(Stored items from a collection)
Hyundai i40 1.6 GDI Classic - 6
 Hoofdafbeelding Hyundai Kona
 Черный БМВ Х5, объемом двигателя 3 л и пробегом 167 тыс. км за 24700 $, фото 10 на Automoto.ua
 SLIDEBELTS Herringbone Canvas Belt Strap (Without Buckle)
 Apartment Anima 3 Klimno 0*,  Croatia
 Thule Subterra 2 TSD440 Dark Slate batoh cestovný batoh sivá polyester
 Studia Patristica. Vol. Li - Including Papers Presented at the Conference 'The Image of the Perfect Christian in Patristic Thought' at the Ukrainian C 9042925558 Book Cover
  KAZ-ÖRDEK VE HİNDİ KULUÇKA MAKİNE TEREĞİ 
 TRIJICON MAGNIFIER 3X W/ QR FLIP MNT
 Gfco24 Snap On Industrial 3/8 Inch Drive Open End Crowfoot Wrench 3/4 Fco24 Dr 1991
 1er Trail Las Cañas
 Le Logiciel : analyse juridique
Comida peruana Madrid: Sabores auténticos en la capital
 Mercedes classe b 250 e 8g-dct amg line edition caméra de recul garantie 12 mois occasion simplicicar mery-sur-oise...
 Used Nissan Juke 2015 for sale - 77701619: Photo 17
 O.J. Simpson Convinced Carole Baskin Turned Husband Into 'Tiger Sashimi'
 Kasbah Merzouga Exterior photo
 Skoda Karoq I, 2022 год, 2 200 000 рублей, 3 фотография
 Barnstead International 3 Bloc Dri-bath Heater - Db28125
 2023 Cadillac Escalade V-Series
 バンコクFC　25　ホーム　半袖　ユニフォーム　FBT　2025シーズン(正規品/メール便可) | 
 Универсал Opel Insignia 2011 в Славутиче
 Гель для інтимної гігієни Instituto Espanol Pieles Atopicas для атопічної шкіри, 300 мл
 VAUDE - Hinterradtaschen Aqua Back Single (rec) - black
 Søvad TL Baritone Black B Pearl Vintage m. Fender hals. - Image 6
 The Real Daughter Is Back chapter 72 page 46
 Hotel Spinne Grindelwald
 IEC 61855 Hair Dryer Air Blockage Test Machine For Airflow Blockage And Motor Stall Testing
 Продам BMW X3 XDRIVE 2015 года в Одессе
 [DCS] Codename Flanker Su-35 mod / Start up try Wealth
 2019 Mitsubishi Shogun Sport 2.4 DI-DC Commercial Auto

AIM OF THE EXERCISE
From the line that has "Studia Patristica. Vol." through the line that has "バンコクFC　25　ホーム　半袖　ユニフ", copy every line exactly as it appears above, and leave out all others.

RESPONSE AREA
 Studia Patristica. Vol. Li - Including Papers Presented at the Conference 'The Image of the Perfect Christian in Patristic Thought' at the Ukrainian C 9042925558 Book Cover
  KAZ-ÖRDEK VE HİNDİ KULUÇKA MAKİNE TEREĞİ 
 TRIJICON MAGNIFIER 3X W/ QR FLIP MNT
 Gfco24 Snap On Industrial 3/8 Inch Drive Open End Crowfoot Wrench 3/4 Fco24 Dr 1991
 1er Trail Las Cañas
 Le Logiciel : analyse juridique
Comida peruana Madrid: Sabores auténticos en la capital
 Mercedes classe b 250 e 8g-dct amg line edition caméra de recul garantie 12 mois occasion simplicicar mery-sur-oise...
 Used Nissan Juke 2015 for sale - 77701619: Photo 17
 O.J. Simpson Convinced Carole Baskin Turned Husband Into 'Tiger Sashimi'
 Kasbah Merzouga Exterior photo
 Skoda Karoq I, 2022 год, 2 200 000 рублей, 3 фотография
 Barnstead International 3 Bloc Dri-bath Heater - Db28125
 2023 Cadillac Escalade V-Series
 バンコクFC　25　ホーム　半袖　ユニフォーム　FBT　2025シーズン(正規品/メール便可) | 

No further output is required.